● What needs to be done:
Please, without any pictures, set down exactly the part of the listing below that opens with the line containing "大家好，我是你的历史科普博主" and closes with the line containing "Tissu néoprène perforé longueur 6.8m".

● Working data:
====================

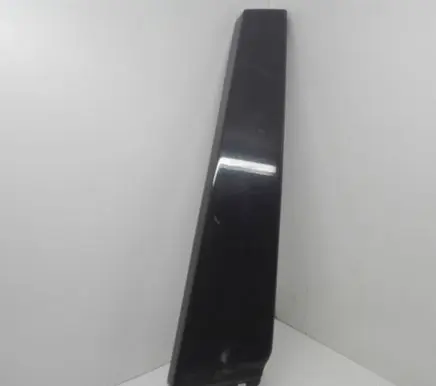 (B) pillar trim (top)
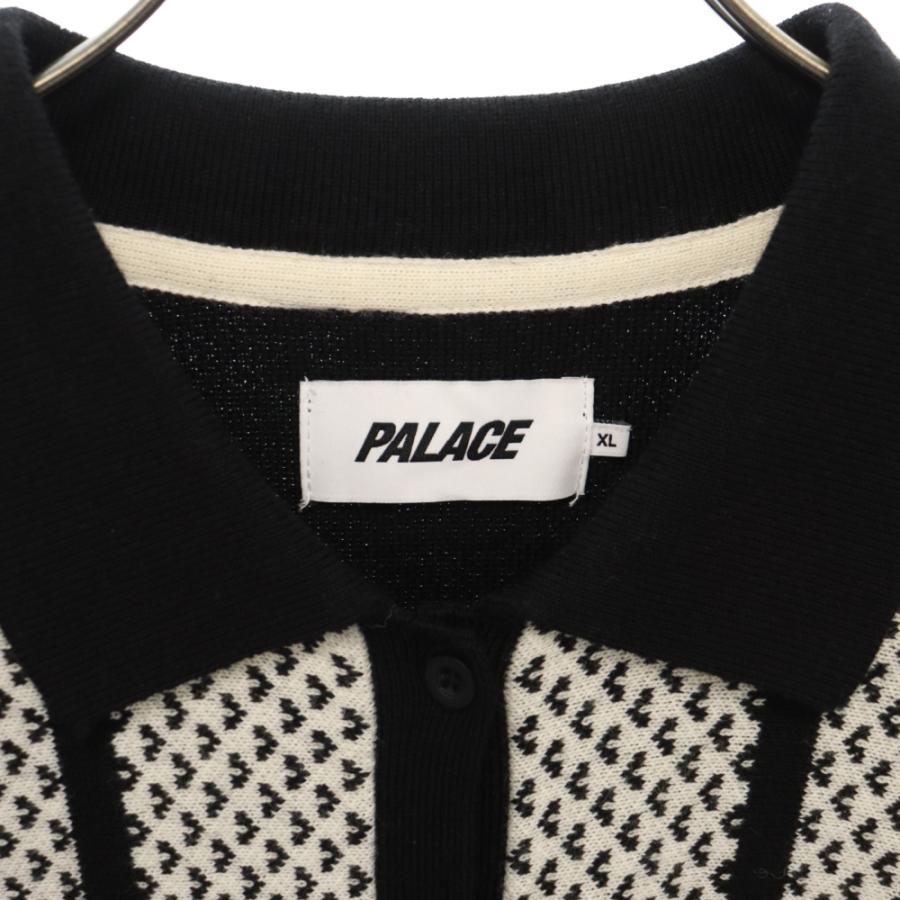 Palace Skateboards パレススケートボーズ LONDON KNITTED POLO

====================

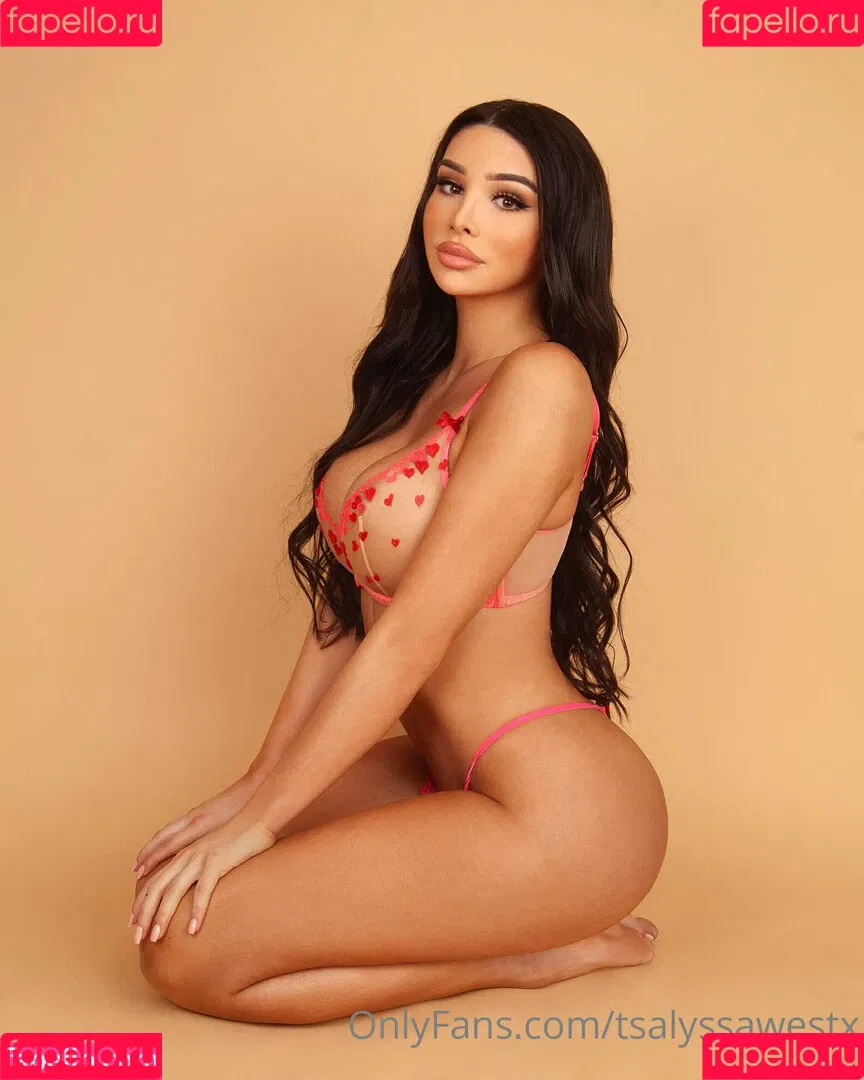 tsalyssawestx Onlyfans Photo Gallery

====================

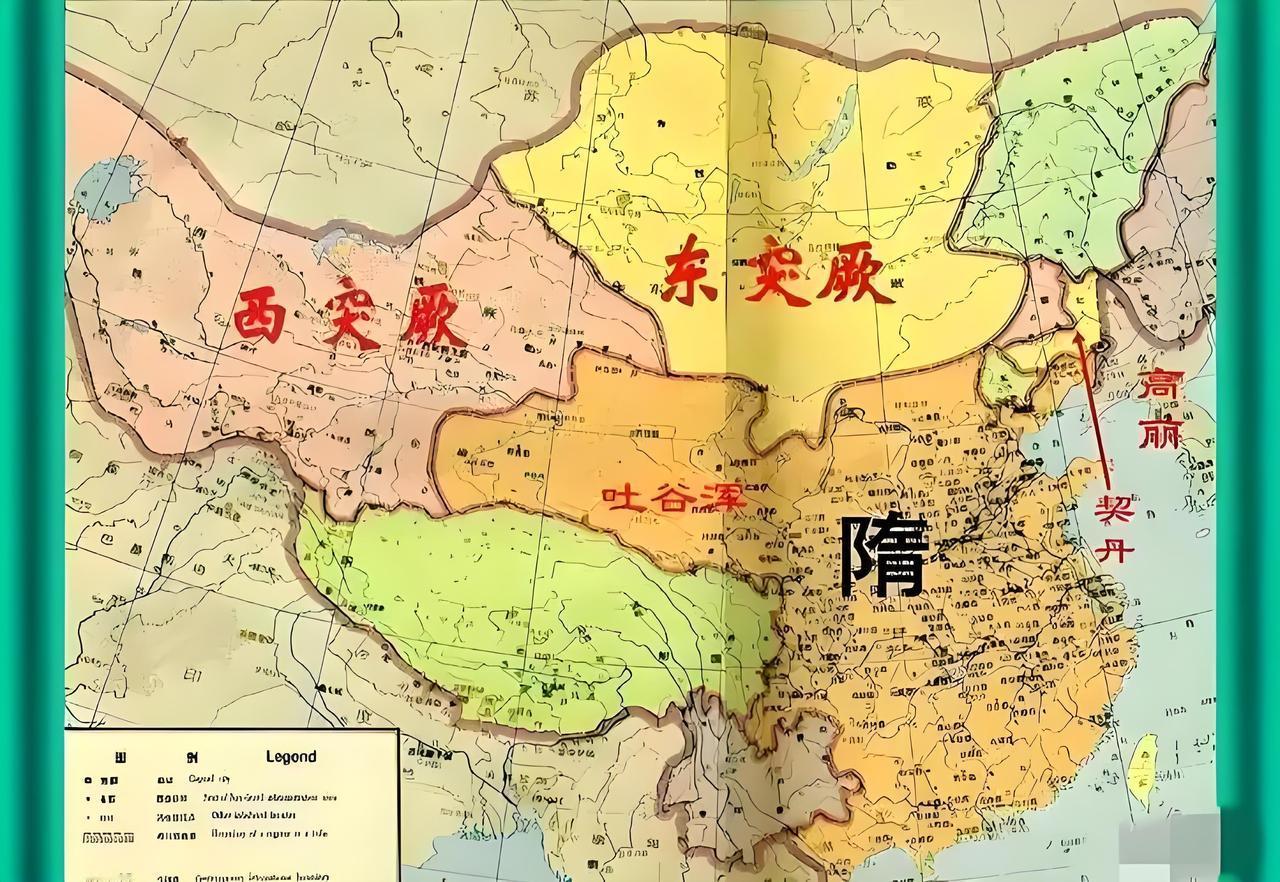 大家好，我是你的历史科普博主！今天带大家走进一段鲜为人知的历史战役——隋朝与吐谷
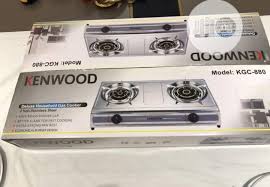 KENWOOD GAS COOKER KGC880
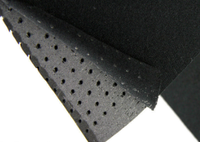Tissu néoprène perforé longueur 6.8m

====================

● Output for this exercise:
 大家好，我是你的历史科普博主！今天带大家走进一段鲜为人知的历史战役——隋朝与吐谷
 KENWOOD GAS COOKER KGC880
Tissu néoprène perforé longueur 6.8m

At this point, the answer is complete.